How germs are spread?

The team saw a newspaper article asking for builders to help build the sewage system underground. They had to attend a meeting at county hall and sign up to be a part of Joseph Balzgette’s builders.  Everyone signed up and shared their skills with Joseph.  He was extremely happy to see his team grow and grow.

The team  looked at a selection of materials and tested them to see if they would be  suitable to use to make the sewage system.   We looked at:

  • glass
  • wood
  • metal
  • brick
  • fabric
  • paper


We buried all of the materials and left them to see what would happen to them over time


Next the team explored a range of objects and sorted them by the materials they are made if.  They also sorted objects by their  properties.  They looked at:



What happened to the materials that we buried?
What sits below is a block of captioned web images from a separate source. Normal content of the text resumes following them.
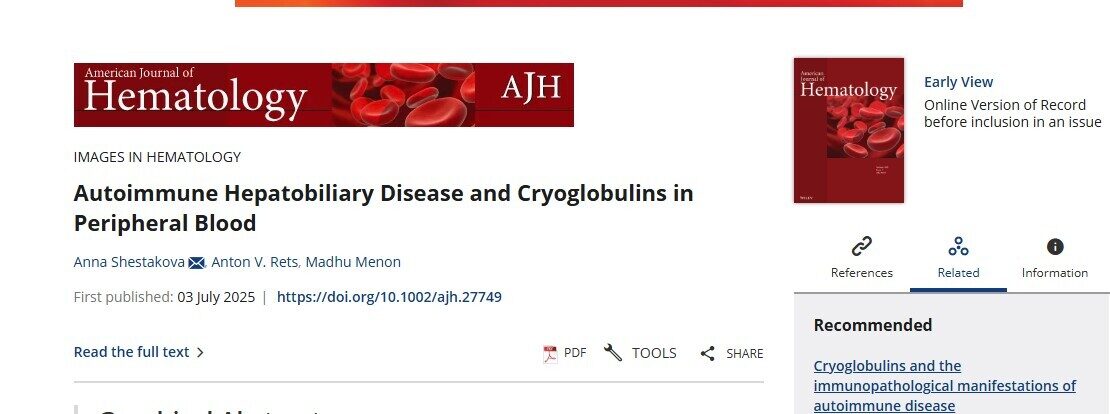 Phagocytosed Clues: A Cryoglobulinemia Case Unfolds at the Microscopic Level-by the American Journal of Hematology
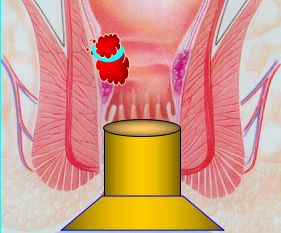 套扎器怎么用无锡东峰怡和 一次性使用肛肠套扎器使用简介_https://www.jmylbn.com_新闻资讯_第15张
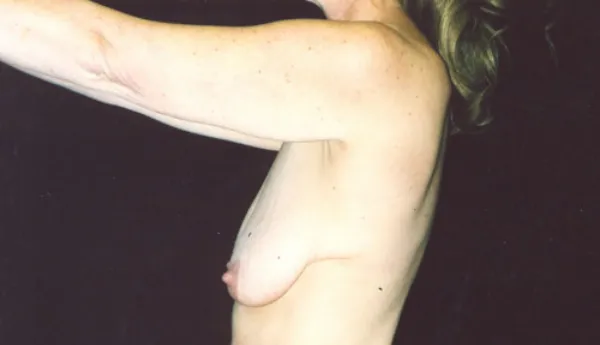 Breast Augmentation  Before & After Image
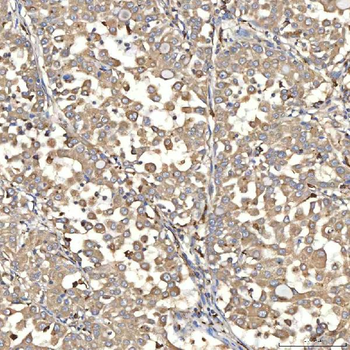SIAE Antibody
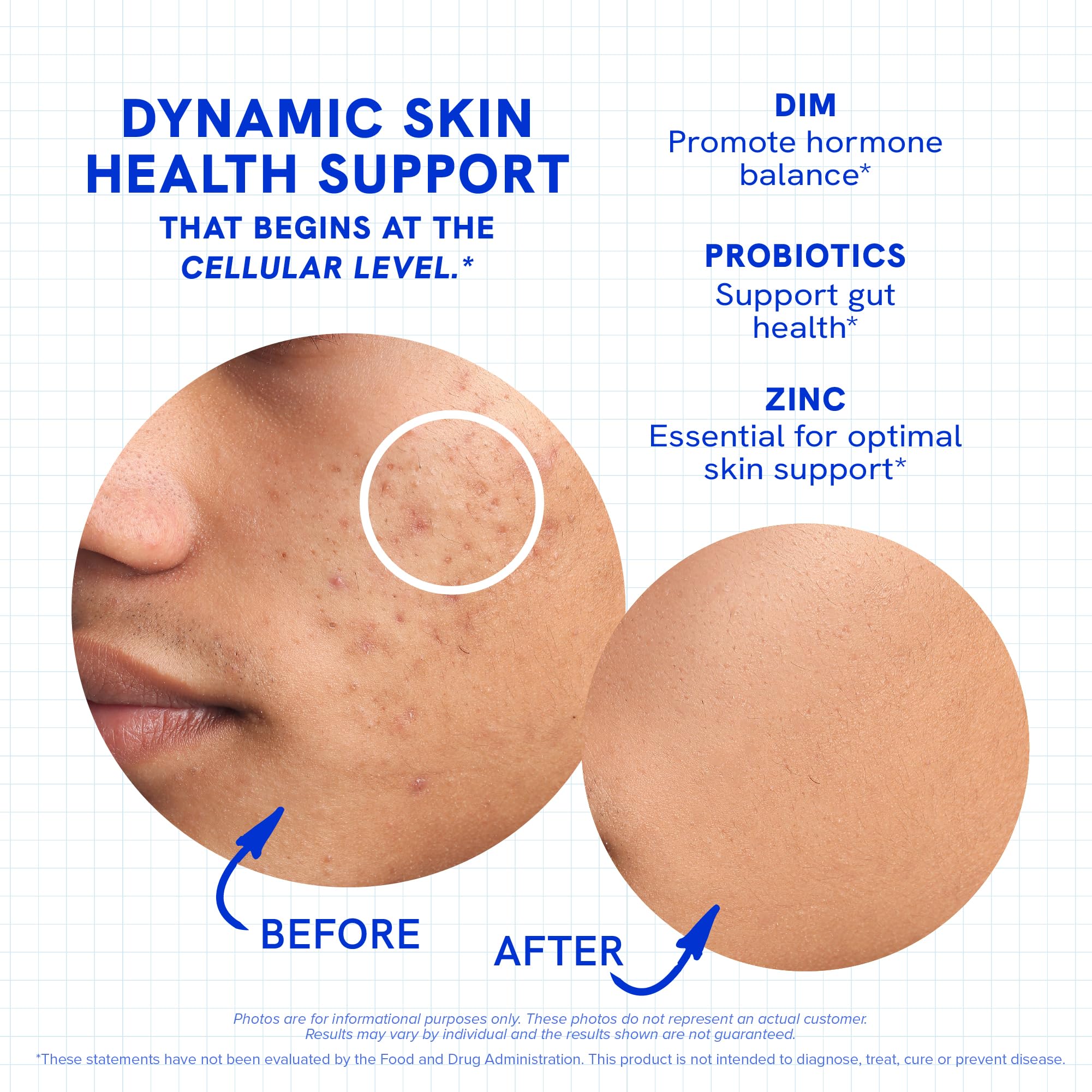 SMNutrition Clear Skin Supplement capsules in hand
We dug up the materials to find out what had happened to them in the soil.  We found out that the glass, wood, metal and brick were unchanged.  The fabric and paper were wet from the rain and soil.  When we took out the paper, it tore into pieces.  We decided that paper and fabric would not be used as they were too flexible and they absorb water.


We then discussed which material would be the best to create the tunnels for the sewage system.


Children’s ideas:

”We can’t use glass because it will break and people will get cut” (Rio)

”The glass is fragile, it will break” (Katia)


”Brick will be the best because it is strong” (Harry)

“Metal is strong and stiff we could use it to build the tunnels” (Archie)


“Wood is good, it is strong and hard” (Kiyah)


The children then chose what material they thought would be the best and the majority said “brick”.



Planning the sewage system

Many people, who lived on the waterfront, were dying of cholera as they were drinking water directly from the river.  They had to move out of their houses so the builders could begin their work.  The team needed to make the river narrower so that the water flow would be faster.  This would ensure the waste in the river was flushed out to sea quicker. 


In small groups we worked together to explore, create and plan the sewage system.  The tasks that we took part in were:

  • making paper tunnels as a prototype 
  • creating tunnels using Lego
  • making flood defenses and narrowing the river
  • Adding tunnels to a map of London and the river Thames



Building the sewage system

Once our plan was ready we began constructing the sewage system.

 First we used clay to make the bricks for the tunnels.

Then we began to make the sewage system. 

Finally we completed the task and had an opening ceremony, we all celebrated with cake.